Em alguns países, mesmo na Europa e nos Estados Unidos, a situação continua frágil, mas vai mudar. No final dos anos 60, os estúdios estiveram em dificuldades e, de repente, chegaram os anos 70, com Scorsese, Coppola, Spielberg, etc., e tudo se alterou. O cinema precisa de confiar nele mesmo. É isso que é muito bonito dizer, que o cinema sempre foi salvo por ele próprio. São os filmes, os artistas e os espectadores que vão salvar o cinema.
O diretor do Instituto Lumière, Thierry Frémaux, assume a missão de defender, proteger e divulgar o património histórico da arte da imagem e movimento, que começou em Lyon, na Rua do Primeiro Filme, com a saída da fábrica:
O primeiro filme foi filmado ali, em Lyon, mas ninguém sabia disso. E apaixonei-me pelos filmes Lumière e nunca deixei de estar. Lutei pelos direitos, pela integridade de todos estes filmes. Trabalhámos com o Estado para que tudo isso fosse preservado. Trabalhei com os arquivos, com a Cinemateca Francesa.
Conheço bem a família Lumière. É a minha segunda família. Quis falar do cinema como um cinéfilo. Antes falávamos do cinema Lumière pelo ângulo dos historiadores. Os Lumière são os últimos dos inventores.

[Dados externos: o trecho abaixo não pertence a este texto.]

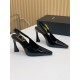 YSL High heels and empty shoes SAINT LAUREN Calf patent leather horseshoe sandals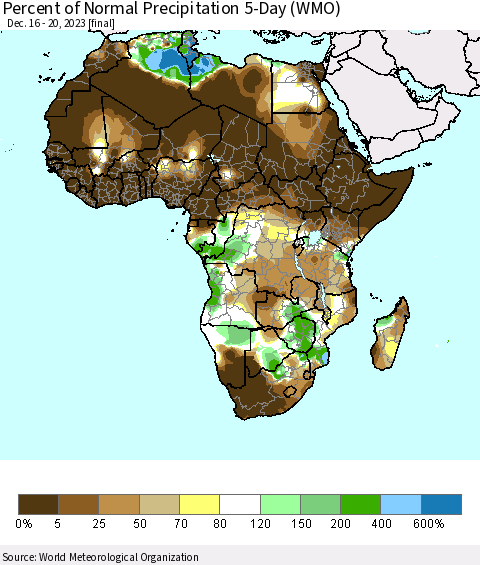 Africa Percent of Normal Precipitation 5-Day (WMO) Thematic Map For 12/16/2023 - 12/20/2023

Estão na história do cinema com os seus filmes.
Eu queria oferecer aos Lumière a posteridade. Ou seja, colocá-los nas galerias dos artistas. Eles criaram o cinema e fizeram cinema. É muito bonito. A música, a pintura, a literatura… Não sabemos onde foram inventadas. Nunca o saberemos, mas o cinema sabemos. Foi lá, em Lyon, e toda a aventura do cinema começa aí.
“Lumière, a Aventura Continua”, é uma viagem pela história do cinema à descoberta do universo cinematográfico dos irmãos Louis e Auguste Lumière.